東京公演のネタバレにならない範囲で、注目点や感想を記します。
2012年11月10日 台北国家音楽庁
【プログラム】
プロコフィエフ:ピアノ協奏曲第2番(ユジャ・ワン)
ラフマニノフ:交響曲第2番
- ラフマニノフは暗譜だった!
「何で来日公演のプログラムがラフマニノフ?」と多くの方が思っているのではないでしょうか。私も思っていました。しかし、ツアーの曲目にふさわしい仕上がりになっています。MTTは暗譜。微に入り細に入りやっているのはいつもの通りなのですが、えてして途中で飽きてしまうこの曲をあっという間に感じさせます。特に弦に注目。マラ9なみの集中力です。
- ユジャの衣装
過去マイクロ・ミニの舞台衣装で物議をかもし、ミニじゃなくなったと思ったら髪の毛がゼブラに染まっていたりしたユジャ・ワン。今回はミニでもゼブラでもないものの、別の意味でインパクトのある衣装。東京ではどんな衣装なのかわかりませんが、彼女の衣装は注目点のひとつです。
- ユジャとMTTの連弾
ユジャのプロコフィエフは彼女らしい演奏。アンコールはMTTとの連弾でした(MTTは自分で椅子を持って登場)。私は過去にブロンフマンとMTTが連弾したのを聴きましたが、そのときはいかんともしがたい本業ピアニストとの差を感じました。ところが今回、ユジャに負けず劣らず指がまわっている!毎回アンコールが連弾なのかはわかりませんが、これは聴きものです。
- ツアーのテーマはアジアとクラシック音楽の関係
今回のツアーでは、アジアがクラシック音楽に与えた影響もテーマの一つ(香港と上海公演には、これにフォーカスしたプログラムがあり)。台北公演のアンコールでは、お正月に演奏するという中国のフォーク・ソングをアレンジした曲を演奏していました。みんなが知っている曲のようで、旋律が始まると観客は反応していました。東京ではどうするのでしょうか?

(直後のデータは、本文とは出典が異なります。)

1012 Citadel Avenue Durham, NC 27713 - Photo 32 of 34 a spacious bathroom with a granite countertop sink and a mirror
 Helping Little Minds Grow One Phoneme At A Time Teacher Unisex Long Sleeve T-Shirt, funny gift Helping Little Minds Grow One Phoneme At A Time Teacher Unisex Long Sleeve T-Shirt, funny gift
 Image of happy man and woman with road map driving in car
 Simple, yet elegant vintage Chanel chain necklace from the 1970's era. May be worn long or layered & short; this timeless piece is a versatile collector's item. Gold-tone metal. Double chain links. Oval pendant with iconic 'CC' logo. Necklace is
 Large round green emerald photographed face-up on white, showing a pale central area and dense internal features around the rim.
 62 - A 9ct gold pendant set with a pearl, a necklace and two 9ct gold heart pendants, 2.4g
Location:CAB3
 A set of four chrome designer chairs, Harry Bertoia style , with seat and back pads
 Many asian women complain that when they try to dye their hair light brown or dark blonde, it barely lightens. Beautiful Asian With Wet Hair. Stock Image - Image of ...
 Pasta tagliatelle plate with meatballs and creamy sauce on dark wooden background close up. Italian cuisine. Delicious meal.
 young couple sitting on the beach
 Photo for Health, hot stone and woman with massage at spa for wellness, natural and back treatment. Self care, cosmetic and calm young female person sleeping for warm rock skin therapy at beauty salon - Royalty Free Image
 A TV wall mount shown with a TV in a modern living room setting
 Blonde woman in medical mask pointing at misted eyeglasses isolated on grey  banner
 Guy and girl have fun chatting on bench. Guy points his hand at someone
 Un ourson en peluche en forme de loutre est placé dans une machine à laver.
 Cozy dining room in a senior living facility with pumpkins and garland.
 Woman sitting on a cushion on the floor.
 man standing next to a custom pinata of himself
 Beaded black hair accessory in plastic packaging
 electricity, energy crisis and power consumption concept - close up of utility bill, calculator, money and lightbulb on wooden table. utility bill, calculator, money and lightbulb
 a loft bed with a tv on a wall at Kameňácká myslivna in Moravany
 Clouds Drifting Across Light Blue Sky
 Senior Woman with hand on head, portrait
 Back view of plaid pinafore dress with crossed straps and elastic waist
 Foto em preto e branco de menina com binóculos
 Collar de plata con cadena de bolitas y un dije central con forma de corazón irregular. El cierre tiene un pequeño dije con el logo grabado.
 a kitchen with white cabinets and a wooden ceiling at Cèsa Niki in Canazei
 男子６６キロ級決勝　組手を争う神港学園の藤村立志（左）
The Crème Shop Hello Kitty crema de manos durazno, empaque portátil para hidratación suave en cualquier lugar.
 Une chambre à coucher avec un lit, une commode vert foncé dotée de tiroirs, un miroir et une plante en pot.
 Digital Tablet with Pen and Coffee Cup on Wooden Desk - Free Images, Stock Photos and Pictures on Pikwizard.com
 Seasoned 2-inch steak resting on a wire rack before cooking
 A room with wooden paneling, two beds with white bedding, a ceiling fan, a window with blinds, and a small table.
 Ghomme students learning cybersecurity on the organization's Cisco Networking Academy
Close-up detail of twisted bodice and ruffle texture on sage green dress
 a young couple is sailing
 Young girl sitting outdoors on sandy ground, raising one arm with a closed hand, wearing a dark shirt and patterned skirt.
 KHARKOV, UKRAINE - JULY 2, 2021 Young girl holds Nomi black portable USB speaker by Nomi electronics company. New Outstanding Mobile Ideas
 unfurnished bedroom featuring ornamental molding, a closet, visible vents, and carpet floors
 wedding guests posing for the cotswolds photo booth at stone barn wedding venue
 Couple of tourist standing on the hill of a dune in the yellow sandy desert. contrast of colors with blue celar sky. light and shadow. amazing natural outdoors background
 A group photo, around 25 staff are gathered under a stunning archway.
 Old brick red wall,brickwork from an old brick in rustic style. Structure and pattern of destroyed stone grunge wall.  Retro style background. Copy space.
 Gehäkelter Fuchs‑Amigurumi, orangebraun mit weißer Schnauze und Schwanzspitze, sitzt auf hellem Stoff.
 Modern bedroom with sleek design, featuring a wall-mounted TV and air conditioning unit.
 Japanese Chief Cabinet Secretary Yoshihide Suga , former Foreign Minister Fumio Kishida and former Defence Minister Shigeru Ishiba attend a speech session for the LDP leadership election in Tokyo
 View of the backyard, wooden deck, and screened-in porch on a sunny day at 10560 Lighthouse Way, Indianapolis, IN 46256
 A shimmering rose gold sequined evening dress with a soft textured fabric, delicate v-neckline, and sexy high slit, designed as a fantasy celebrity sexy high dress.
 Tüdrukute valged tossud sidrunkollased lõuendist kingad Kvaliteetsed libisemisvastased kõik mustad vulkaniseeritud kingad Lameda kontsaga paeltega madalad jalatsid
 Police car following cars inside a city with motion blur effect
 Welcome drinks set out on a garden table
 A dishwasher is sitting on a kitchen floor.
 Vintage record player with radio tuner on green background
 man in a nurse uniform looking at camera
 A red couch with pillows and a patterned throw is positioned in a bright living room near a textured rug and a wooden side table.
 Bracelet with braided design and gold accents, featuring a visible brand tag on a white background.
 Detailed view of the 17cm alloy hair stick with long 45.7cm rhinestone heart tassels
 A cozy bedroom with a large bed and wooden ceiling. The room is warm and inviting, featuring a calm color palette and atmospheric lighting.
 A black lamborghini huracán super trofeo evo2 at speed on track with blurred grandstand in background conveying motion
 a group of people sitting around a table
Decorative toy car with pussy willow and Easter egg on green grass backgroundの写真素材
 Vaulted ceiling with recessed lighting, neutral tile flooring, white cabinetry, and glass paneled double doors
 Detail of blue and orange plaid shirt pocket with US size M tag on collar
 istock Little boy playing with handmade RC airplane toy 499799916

ツアーはとてもサンフランシスコらしさにあふれた雰囲気。お客さんもよく入っていましたし、沸いていました。
CDの影響でMTT/SFSはマーラーというイメージが強く、サントリーホール公演しかチケットを買っていない方も多いと思いますが、もう一つのプログラムも非常に楽しめる内容です。